DATA:
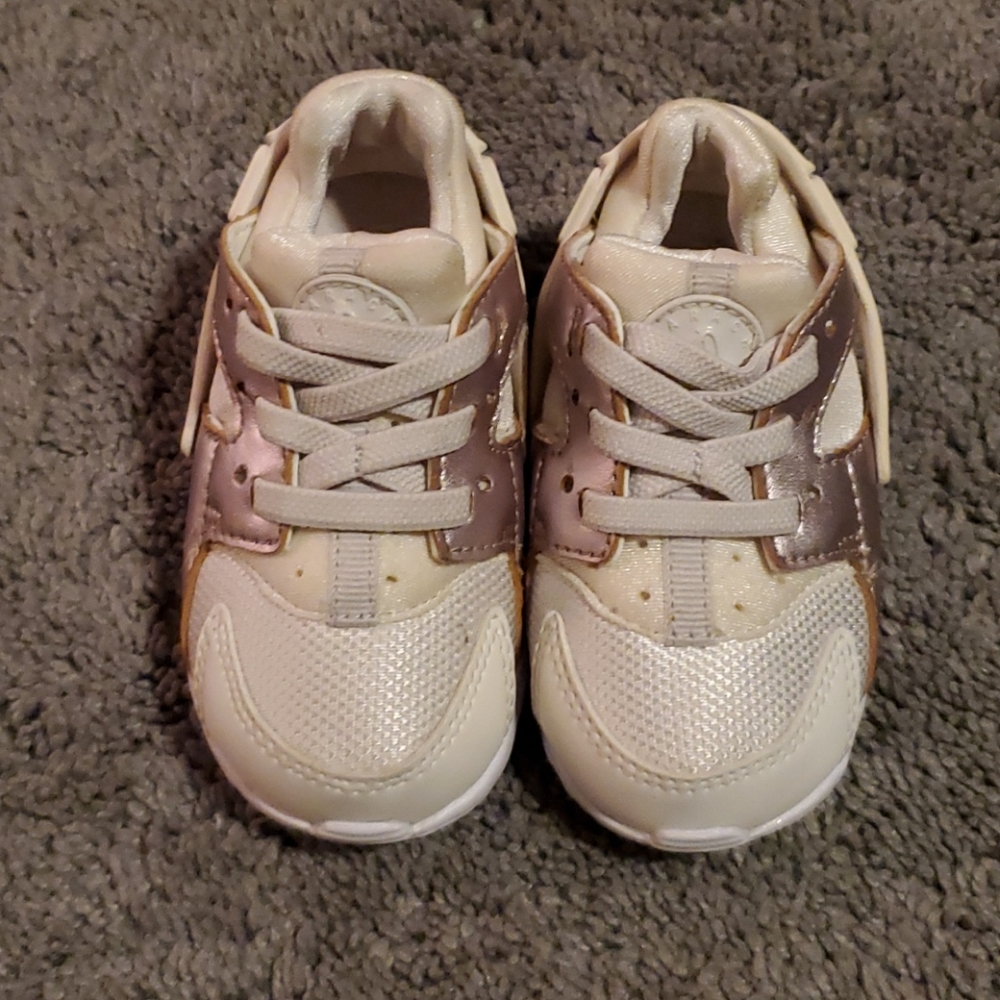 Nike Toddler Girl Size 5 Shoe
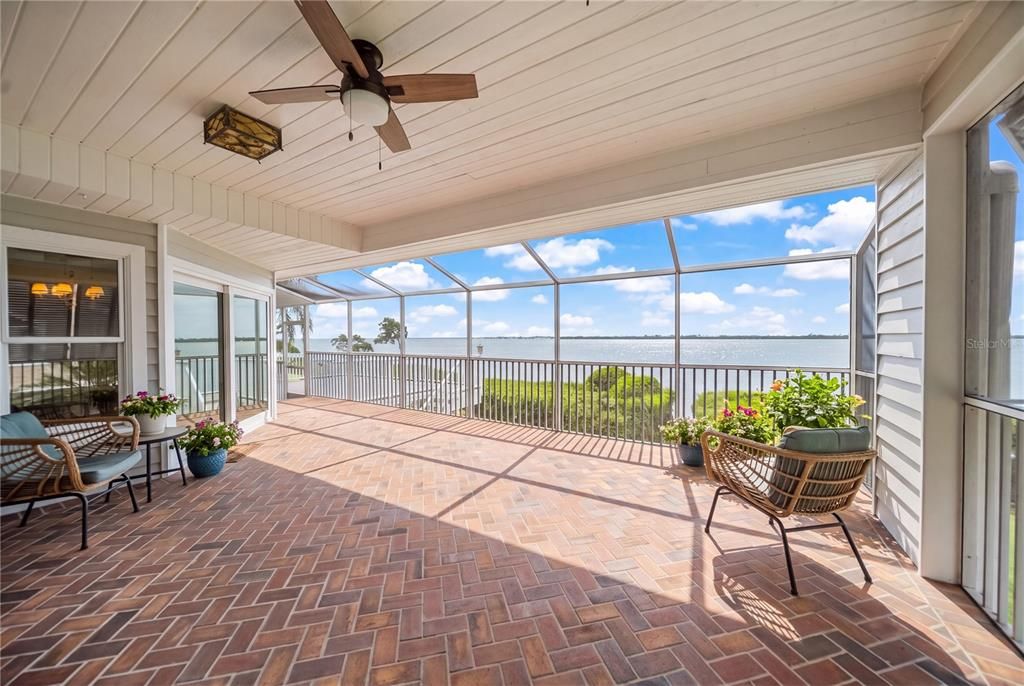For Sale: $1,399,000 (3 beds, 3 baths, 3773 Square Feet)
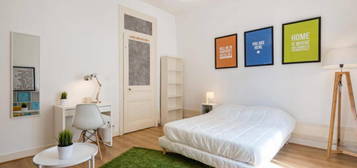 Appartement meublé  à louer, 3 pièces, 3 chambres, 17 m²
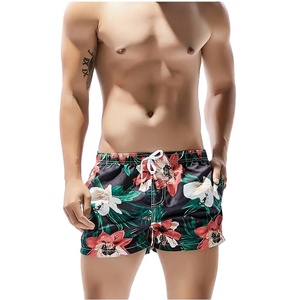 OEM Vente en gros Short de plage loisirs pour hommes de haute qualité Pantalon respirant imprimé avec cordon de serrage au prix d'usine - Product Image 4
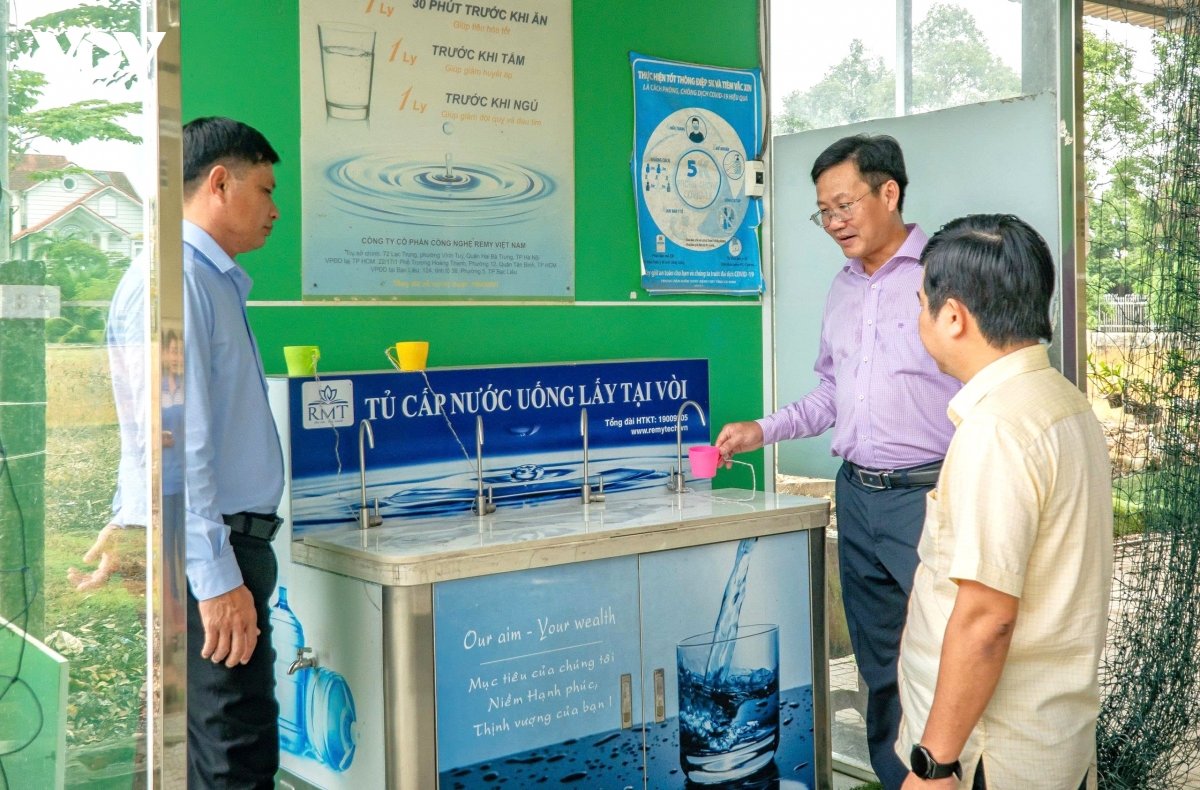 3-he-thong-loc-nuoc-cua-truong-tieu-hoc-nguyen-tao-da-van-hanh-on-dinh-truong-da-gui-mau-nuoc-di-giam-dinh.jpg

WHAT YOU SHOULD DO:
Go through the data above and print exactly the lines from its first line through the line holding "OEM Vente en", both included, leaving pictures aside.

ANSWER TO THE PROBLEM:
 Nike Toddler Girl Size 5 Shoe
For Sale: $1,399,000 (3 beds, 3 baths, 3773 Square Feet)
 Appartement meublé  à louer, 3 pièces, 3 chambres, 17 m²
 OEM Vente en gros Short de plage loisirs pour hommes de haute qualité Pantalon respirant imprimé avec cordon de serrage au prix d'usine - Product Image 4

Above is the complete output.